Up to now, several methods, such as template-based methods, Kirkendall effect, Ostward ripening, and galvanic replacement, have been developed to synthesize hollow metal nanostructures [12-14]. Among them, the galvanic replacement method, which was first introduced by Sun and Xia [15], proved to be the most effective in producing gold nanocages. Because the AuCl4−/Au reduction potential is more positive than the Ag+/Ag potential (1.00 V and 0.80 V vs the standard hydrogen electrode, SHE, respectively), Ag is oxidized to Ag+ while AuCl4− is reduced to Au. Thus, various Ag nanostructures have been employed as sacrificial templates for the generation of Au NCs. In general, four types of Ag nanostructures are used as sacrificial templates in replacement reactions: nanocubes and their truncated corners, octahedral nanostructures, and quasi-spherical nanoparticles [3]. During the replacement reaction, Au atoms are deposited epitaxially on the surface of the Ag template. They nucleate and grow into small islands, and eventually evolve into a shell around the silver particles. The thin shell formed in the early stage is incomplete, and the Ag dissolves to generate a hollow structure. This leads to the formation of Au NCs with hollow interiors and porous surfaces.
In some applications such as catalysis, sensors, and SERS, it is favorable for metal nanomaterials to be supported by a solid substrate. Although the fabrication of Au NCs from Ag templates dispersed in solution using galvanic replacement reactions has been carried out extensively, there are few reports for the preparation of Au NCs supported on a solid substrate through the galvanic replacement method [16,17]. Furthermore, in many cases, some residual Ag remains in the final Au NCs, which maybe limit their applications.

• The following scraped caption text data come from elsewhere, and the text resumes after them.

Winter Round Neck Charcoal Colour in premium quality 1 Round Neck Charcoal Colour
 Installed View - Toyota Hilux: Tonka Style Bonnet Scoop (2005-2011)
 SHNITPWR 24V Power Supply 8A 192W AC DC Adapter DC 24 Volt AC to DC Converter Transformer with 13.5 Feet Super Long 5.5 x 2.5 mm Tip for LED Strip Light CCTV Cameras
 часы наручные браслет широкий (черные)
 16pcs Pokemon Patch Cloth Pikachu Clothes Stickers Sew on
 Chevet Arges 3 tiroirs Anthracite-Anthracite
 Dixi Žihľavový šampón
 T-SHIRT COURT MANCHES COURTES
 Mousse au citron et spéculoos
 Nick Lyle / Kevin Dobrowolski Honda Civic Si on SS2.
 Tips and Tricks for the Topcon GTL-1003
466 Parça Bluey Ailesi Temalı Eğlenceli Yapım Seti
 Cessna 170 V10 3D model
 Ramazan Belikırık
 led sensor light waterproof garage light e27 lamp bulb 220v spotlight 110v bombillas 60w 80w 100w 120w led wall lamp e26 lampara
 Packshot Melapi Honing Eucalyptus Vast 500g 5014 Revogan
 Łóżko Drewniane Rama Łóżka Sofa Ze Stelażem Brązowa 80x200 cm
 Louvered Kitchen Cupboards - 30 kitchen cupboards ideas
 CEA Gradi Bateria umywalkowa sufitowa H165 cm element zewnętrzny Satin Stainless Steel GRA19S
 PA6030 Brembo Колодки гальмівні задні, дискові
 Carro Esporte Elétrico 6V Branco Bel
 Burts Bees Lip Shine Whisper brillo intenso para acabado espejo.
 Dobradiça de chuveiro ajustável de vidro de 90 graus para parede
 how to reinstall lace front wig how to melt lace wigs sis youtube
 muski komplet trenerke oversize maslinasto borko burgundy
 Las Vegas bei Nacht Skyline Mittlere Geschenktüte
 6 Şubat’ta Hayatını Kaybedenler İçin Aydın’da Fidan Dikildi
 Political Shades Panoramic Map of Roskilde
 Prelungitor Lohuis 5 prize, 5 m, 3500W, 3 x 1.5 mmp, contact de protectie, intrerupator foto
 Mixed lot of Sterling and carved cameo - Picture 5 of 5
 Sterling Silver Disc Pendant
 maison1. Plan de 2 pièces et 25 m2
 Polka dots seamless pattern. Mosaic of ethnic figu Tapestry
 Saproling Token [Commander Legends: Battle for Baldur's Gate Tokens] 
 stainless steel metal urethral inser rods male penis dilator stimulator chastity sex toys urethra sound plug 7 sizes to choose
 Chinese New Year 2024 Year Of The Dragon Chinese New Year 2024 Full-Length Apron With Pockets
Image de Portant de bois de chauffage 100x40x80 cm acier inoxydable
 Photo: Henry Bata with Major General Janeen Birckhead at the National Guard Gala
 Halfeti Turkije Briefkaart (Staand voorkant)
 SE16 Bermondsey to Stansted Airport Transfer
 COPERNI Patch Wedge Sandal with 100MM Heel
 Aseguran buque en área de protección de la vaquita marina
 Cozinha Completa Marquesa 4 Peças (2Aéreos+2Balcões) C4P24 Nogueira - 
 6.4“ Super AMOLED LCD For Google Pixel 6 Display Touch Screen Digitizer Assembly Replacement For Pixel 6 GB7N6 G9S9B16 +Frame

The dealloying or selective deletion of Ag from Ag–Au alloys with oxidative etchants such as nitric acid or perchloric acid has been widely used to synthesize nanoporous gold (NPG) [18-21]. Moreover, Xia et al. employed Fe(NO3)3 and H2O2 as dealloying reagent to selectively remove Ag atoms from Ag–Au alloy nanoboxes [4,22]. Here, we carried out galvanic replacement reactions on solid-supported Ag nanoparticle templates to form Ag–Au nanocages. Then, the residual Ag in the nanocages was selectively dissolved by chemical etchants. Interestingly, the Au NCs on indium tin oxide (ITO) film coated glass surface were mobilized to form chains in the treatment process with nitric acid. The discovery is used to prepare Au NC chains and advance the understanding of substrate-based dealloying reactions with nitric acid.
Results and Discussion
Synthesis of nanocages
In our previous reports [23-25], we have electro-deposited template silver nanoparticles (AgNPs) on ITO substrates and carried out the galvanic replacement reactions. Figure 1 shows top-view and tilted-view SEM images of unreacted AgNP templates and those exposed to aqueous 0.1 mM HAuCl4 solution for 2 h. Prior to the reaction the Ag templates show a morphology characteristic of semi-spheres in contact with a surface (Figure 1A). The average size of the AgNP templates was about 71 ± 9 nm. Also noteworthy, is that, unlike the routes based on chemical deposition process in solution, the templates are free of capping agents. When the Ag templates reacted with aqueous HAuCl4 solution, they underwent a morphological transformation to nanocages with hollowing of the interior and the appearance of openings at the structures (Figure 1B). The average size of the nanocages was increased to 83 ± 10 nm. This is attributed to the gold deposited on the surface of AgNP templates.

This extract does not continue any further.